_Exercise prompt_
Repeat only the lines below that run from the line with "Yellow Perfume Bottle Minimalist Poster" to the line with "Blessed florals 16815 DTF Transfer", ends included; skip every picture.

_Exercise material_
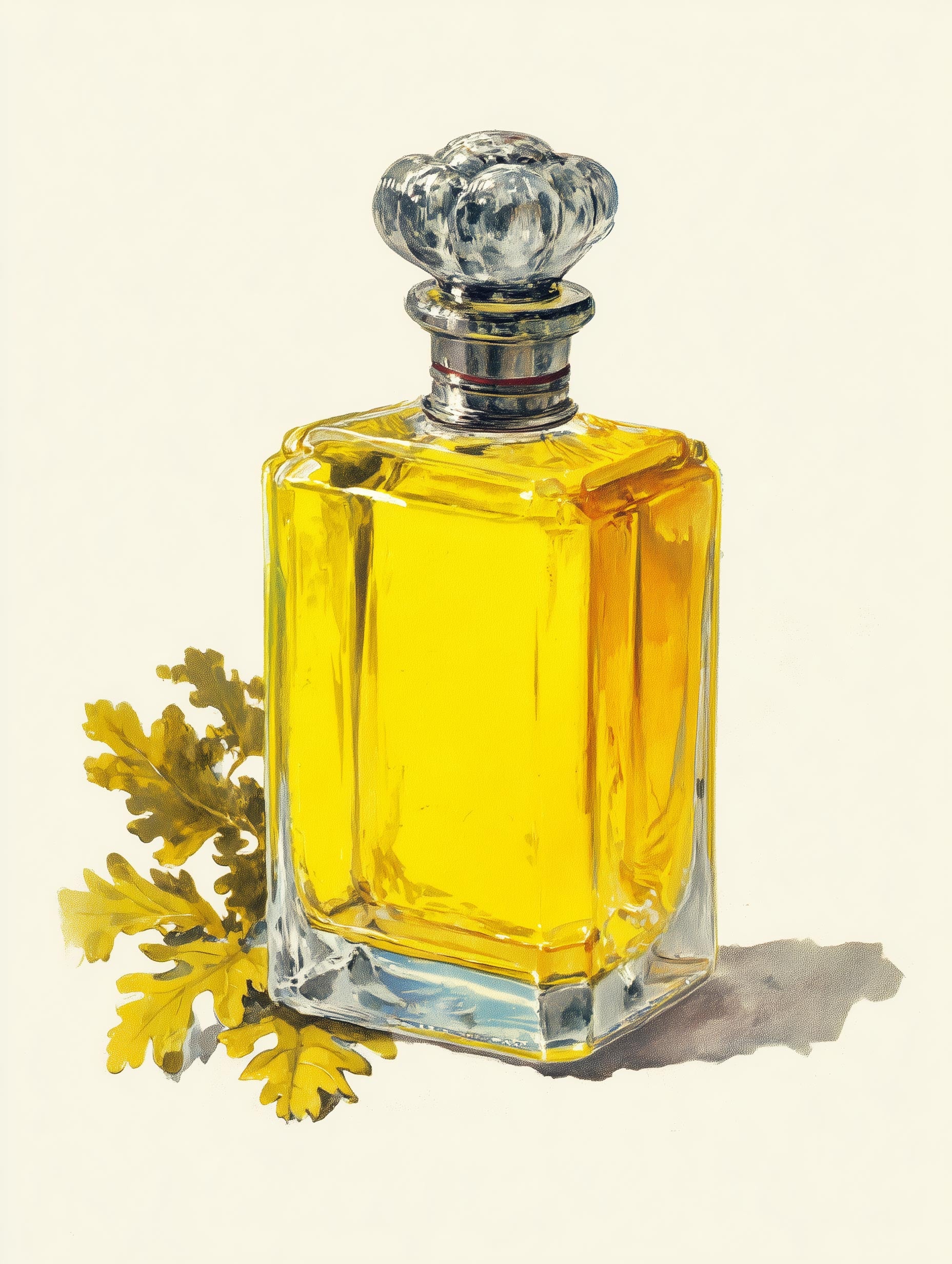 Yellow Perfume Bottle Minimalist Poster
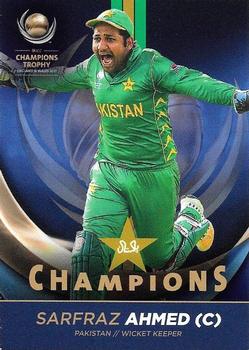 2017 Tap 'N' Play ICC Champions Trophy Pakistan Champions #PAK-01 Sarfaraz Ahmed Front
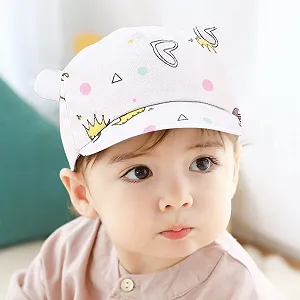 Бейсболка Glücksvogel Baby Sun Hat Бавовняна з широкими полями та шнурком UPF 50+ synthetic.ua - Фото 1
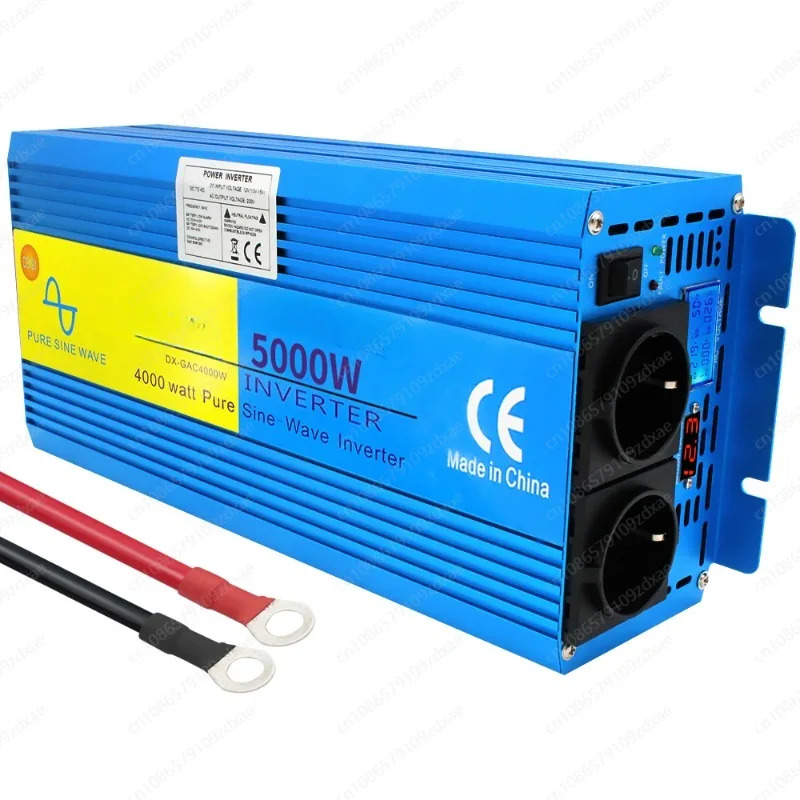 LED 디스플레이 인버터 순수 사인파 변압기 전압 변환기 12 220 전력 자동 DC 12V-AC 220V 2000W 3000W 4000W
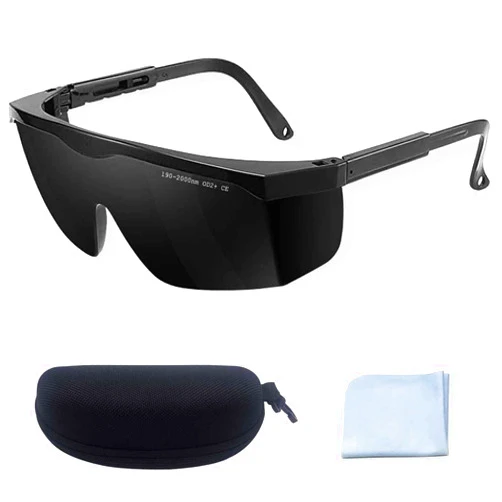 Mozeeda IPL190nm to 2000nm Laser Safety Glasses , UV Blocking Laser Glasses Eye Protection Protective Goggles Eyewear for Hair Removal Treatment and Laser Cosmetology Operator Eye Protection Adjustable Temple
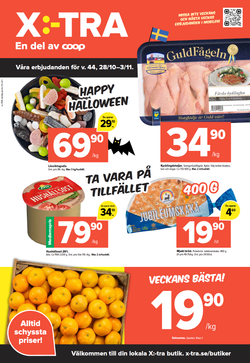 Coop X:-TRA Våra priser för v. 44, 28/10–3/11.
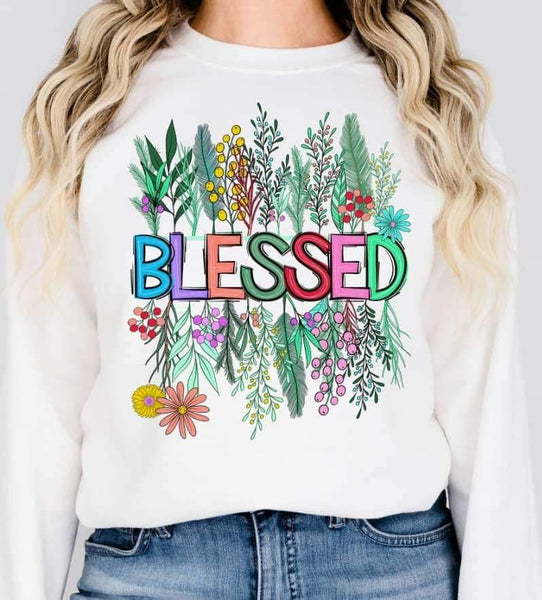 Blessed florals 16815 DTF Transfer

...

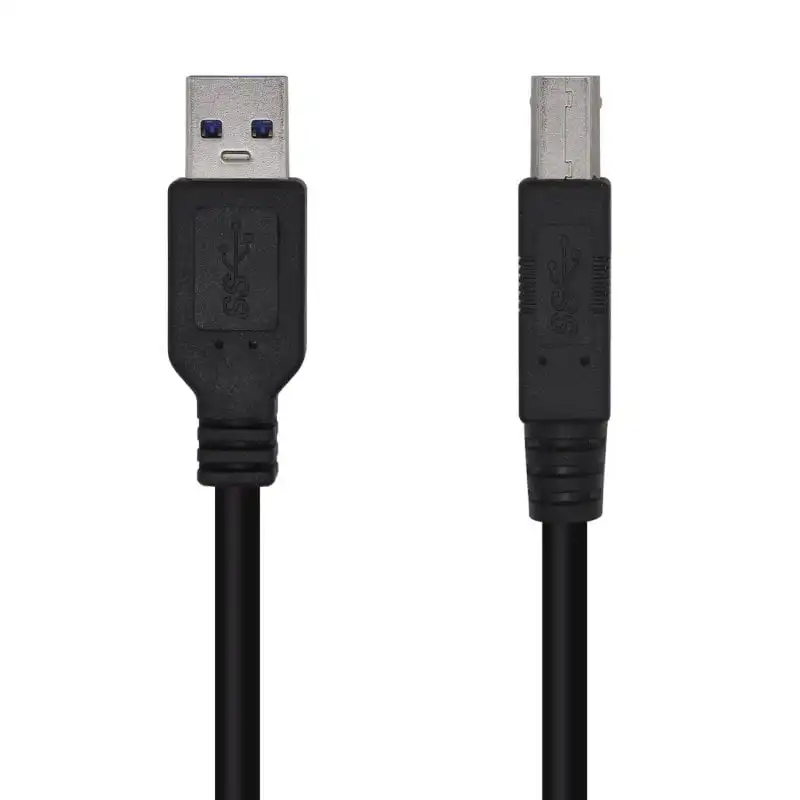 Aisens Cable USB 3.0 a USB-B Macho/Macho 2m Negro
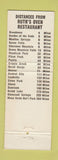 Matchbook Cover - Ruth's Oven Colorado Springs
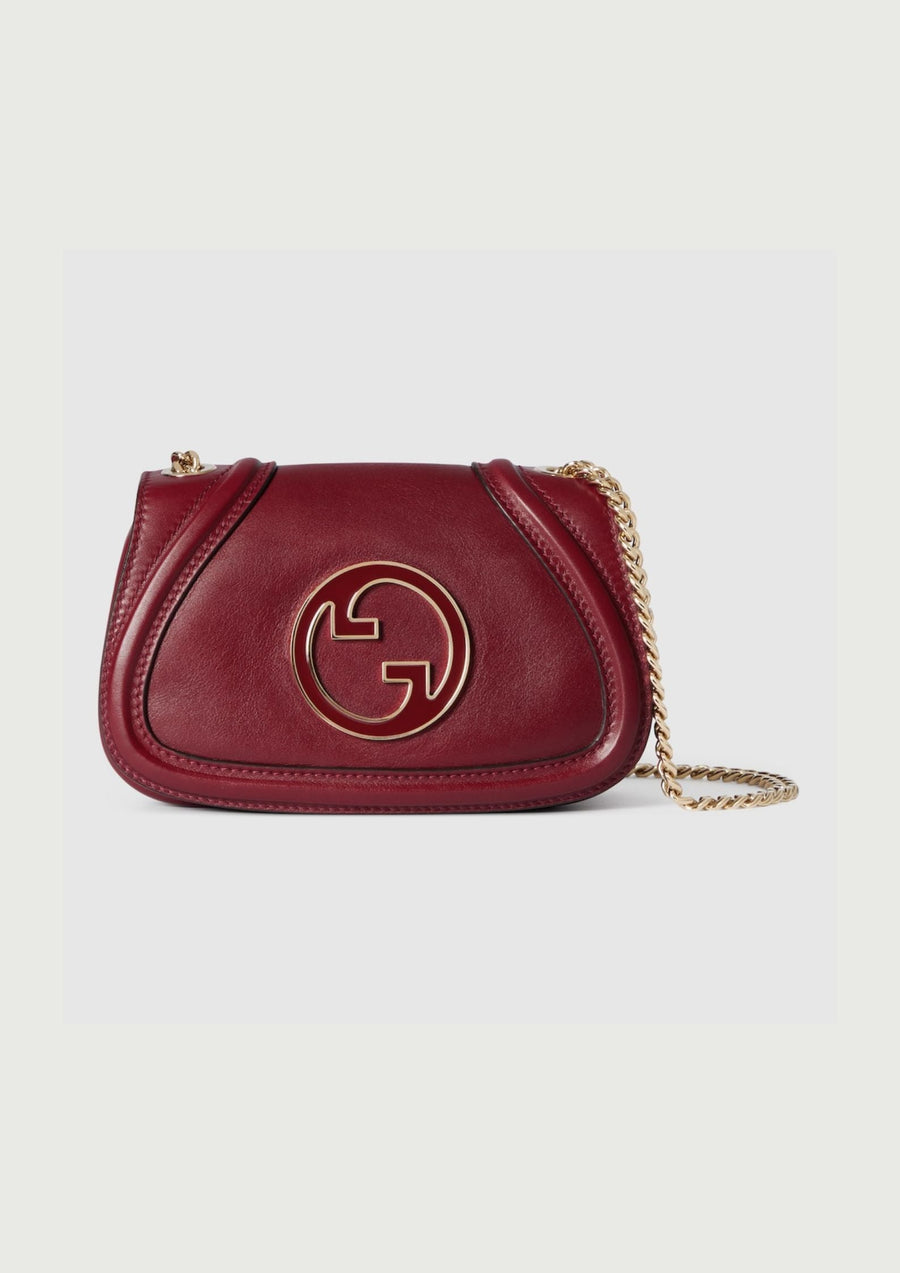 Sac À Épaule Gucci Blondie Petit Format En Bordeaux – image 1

_Answer section_
 Yellow Perfume Bottle Minimalist Poster
 2017 Tap 'N' Play ICC Champions Trophy Pakistan Champions #PAK-01 Sarfaraz Ahmed Front
 Бейсболка Glücksvogel Baby Sun Hat Бавовняна з широкими полями та шнурком UPF 50+ synthetic.ua - Фото 1
 LED 디스플레이 인버터 순수 사인파 변압기 전압 변환기 12 220 전력 자동 DC 12V-AC 220V 2000W 3000W 4000W
 Mozeeda IPL190nm to 2000nm Laser Safety Glasses , UV Blocking Laser Glasses Eye Protection Protective Goggles Eyewear for Hair Removal Treatment and Laser Cosmetology Operator Eye Protection Adjustable Temple
 Coop X:-TRA Våra priser för v. 44, 28/10–3/11.
 Blessed florals 16815 DTF Transfer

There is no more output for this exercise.